• **INSTRUCTIONS TO FOLLOW**: Copy out every line of the material below, character for character, apart from the pictures.

• **SUPPLIED ENTRIES**:
^^^^^^^^

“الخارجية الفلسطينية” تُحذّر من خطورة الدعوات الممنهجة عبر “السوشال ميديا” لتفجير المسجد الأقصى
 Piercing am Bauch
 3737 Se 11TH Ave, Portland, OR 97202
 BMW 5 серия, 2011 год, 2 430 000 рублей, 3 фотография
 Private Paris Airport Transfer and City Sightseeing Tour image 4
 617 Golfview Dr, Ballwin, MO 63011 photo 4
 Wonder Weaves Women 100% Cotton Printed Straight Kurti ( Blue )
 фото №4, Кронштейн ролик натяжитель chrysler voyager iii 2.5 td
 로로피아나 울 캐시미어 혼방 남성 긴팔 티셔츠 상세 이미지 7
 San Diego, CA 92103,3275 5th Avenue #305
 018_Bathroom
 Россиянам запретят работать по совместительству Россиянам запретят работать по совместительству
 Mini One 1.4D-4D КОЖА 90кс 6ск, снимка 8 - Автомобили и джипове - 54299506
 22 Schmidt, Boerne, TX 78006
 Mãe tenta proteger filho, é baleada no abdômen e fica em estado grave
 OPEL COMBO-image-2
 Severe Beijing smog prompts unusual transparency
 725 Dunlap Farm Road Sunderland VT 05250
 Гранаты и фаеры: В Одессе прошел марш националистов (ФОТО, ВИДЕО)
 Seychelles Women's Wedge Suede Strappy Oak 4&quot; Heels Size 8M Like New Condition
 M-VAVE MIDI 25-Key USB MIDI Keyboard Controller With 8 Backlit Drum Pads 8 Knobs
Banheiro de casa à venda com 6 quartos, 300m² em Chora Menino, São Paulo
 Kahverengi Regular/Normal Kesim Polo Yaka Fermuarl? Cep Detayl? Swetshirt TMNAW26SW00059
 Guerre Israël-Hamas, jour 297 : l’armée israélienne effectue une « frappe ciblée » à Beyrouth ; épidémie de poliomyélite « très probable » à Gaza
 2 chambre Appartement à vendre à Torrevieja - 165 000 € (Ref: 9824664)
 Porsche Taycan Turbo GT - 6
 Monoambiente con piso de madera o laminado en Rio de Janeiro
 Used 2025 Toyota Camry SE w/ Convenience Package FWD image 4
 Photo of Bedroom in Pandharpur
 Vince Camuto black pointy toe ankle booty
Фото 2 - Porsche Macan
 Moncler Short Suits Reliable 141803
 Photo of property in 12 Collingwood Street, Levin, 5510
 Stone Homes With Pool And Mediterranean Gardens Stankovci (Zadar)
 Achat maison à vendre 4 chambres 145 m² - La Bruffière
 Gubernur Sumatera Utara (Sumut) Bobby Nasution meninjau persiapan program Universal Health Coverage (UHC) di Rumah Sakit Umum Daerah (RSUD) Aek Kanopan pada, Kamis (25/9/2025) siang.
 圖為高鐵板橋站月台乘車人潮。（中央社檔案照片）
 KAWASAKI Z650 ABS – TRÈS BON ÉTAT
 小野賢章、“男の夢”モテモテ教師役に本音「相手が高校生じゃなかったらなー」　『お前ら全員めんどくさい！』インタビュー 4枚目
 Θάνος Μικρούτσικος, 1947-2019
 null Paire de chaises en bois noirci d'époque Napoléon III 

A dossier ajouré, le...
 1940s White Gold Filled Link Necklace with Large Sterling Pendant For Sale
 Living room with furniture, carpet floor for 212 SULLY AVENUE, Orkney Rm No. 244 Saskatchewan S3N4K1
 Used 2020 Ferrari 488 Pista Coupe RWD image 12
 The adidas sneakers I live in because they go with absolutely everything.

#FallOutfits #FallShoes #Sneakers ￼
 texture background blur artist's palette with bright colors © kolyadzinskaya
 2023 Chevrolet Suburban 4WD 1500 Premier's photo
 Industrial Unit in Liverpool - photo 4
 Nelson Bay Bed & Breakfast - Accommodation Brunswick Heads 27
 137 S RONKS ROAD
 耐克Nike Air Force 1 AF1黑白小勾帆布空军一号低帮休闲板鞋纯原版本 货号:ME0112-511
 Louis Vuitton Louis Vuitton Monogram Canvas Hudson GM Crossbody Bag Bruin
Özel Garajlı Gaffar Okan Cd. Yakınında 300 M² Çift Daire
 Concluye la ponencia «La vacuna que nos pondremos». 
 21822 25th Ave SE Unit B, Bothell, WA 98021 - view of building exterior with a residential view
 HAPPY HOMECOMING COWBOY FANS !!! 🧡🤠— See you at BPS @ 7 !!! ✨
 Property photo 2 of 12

^^^^^^^^

• **COMPLETED TASK**:
“الخارجية الفلسطينية” تُحذّر من خطورة الدعوات الممنهجة عبر “السوشال ميديا” لتفجير المسجد الأقصى
 Piercing am Bauch
 3737 Se 11TH Ave, Portland, OR 97202
 BMW 5 серия, 2011 год, 2 430 000 рублей, 3 фотография
 Private Paris Airport Transfer and City Sightseeing Tour image 4
 617 Golfview Dr, Ballwin, MO 63011 photo 4
 Wonder Weaves Women 100% Cotton Printed Straight Kurti ( Blue )
 фото №4, Кронштейн ролик натяжитель chrysler voyager iii 2.5 td
 로로피아나 울 캐시미어 혼방 남성 긴팔 티셔츠 상세 이미지 7
 San Diego, CA 92103,3275 5th Avenue #305
 018_Bathroom
 Россиянам запретят работать по совместительству Россиянам запретят работать по совместительству
 Mini One 1.4D-4D КОЖА 90кс 6ск, снимка 8 - Автомобили и джипове - 54299506
 22 Schmidt, Boerne, TX 78006
 Mãe tenta proteger filho, é baleada no abdômen e fica em estado grave
 OPEL COMBO-image-2
 Severe Beijing smog prompts unusual transparency
 725 Dunlap Farm Road Sunderland VT 05250
 Гранаты и фаеры: В Одессе прошел марш националистов (ФОТО, ВИДЕО)
 Seychelles Women's Wedge Suede Strappy Oak 4&quot; Heels Size 8M Like New Condition
 M-VAVE MIDI 25-Key USB MIDI Keyboard Controller With 8 Backlit Drum Pads 8 Knobs
Banheiro de casa à venda com 6 quartos, 300m² em Chora Menino, São Paulo
 Kahverengi Regular/Normal Kesim Polo Yaka Fermuarl? Cep Detayl? Swetshirt TMNAW26SW00059
 Guerre Israël-Hamas, jour 297 : l’armée israélienne effectue une « frappe ciblée » à Beyrouth ; épidémie de poliomyélite « très probable » à Gaza
 2 chambre Appartement à vendre à Torrevieja - 165 000 € (Ref: 9824664)
 Porsche Taycan Turbo GT - 6
 Monoambiente con piso de madera o laminado en Rio de Janeiro
 Used 2025 Toyota Camry SE w/ Convenience Package FWD image 4
 Photo of Bedroom in Pandharpur
 Vince Camuto black pointy toe ankle booty
Фото 2 - Porsche Macan
 Moncler Short Suits Reliable 141803
 Photo of property in 12 Collingwood Street, Levin, 5510
 Stone Homes With Pool And Mediterranean Gardens Stankovci (Zadar)
 Achat maison à vendre 4 chambres 145 m² - La Bruffière
 Gubernur Sumatera Utara (Sumut) Bobby Nasution meninjau persiapan program Universal Health Coverage (UHC) di Rumah Sakit Umum Daerah (RSUD) Aek Kanopan pada, Kamis (25/9/2025) siang.
 圖為高鐵板橋站月台乘車人潮。（中央社檔案照片）
 KAWASAKI Z650 ABS – TRÈS BON ÉTAT
 小野賢章、“男の夢”モテモテ教師役に本音「相手が高校生じゃなかったらなー」　『お前ら全員めんどくさい！』インタビュー 4枚目
 Θάνος Μικρούτσικος, 1947-2019
 null Paire de chaises en bois noirci d'époque Napoléon III 

A dossier ajouré, le...
 1940s White Gold Filled Link Necklace with Large Sterling Pendant For Sale
 Living room with furniture, carpet floor for 212 SULLY AVENUE, Orkney Rm No. 244 Saskatchewan S3N4K1
 Used 2020 Ferrari 488 Pista Coupe RWD image 12
 The adidas sneakers I live in because they go with absolutely everything.

#FallOutfits #FallShoes #Sneakers 
 texture background blur artist's palette with bright colors © kolyadzinskaya
 2023 Chevrolet Suburban 4WD 1500 Premier's photo
 Industrial Unit in Liverpool - photo 4
 Nelson Bay Bed & Breakfast - Accommodation Brunswick Heads 27
 137 S RONKS ROAD
 耐克Nike Air Force 1 AF1黑白小勾帆布空军一号低帮休闲板鞋纯原版本 货号:ME0112-511
 Louis Vuitton Louis Vuitton Monogram Canvas Hudson GM Crossbody Bag Bruin
Özel Garajlı Gaffar Okan Cd. Yakınında 300 M² Çift Daire
 Concluye la ponencia «La vacuna que nos pondremos». 
 21822 25th Ave SE Unit B, Bothell, WA 98021 - view of building exterior with a residential view
 HAPPY HOMECOMING COWBOY FANS !!! 🧡🤠— See you at BPS @ 7 !!! ✨
 Property photo 2 of 12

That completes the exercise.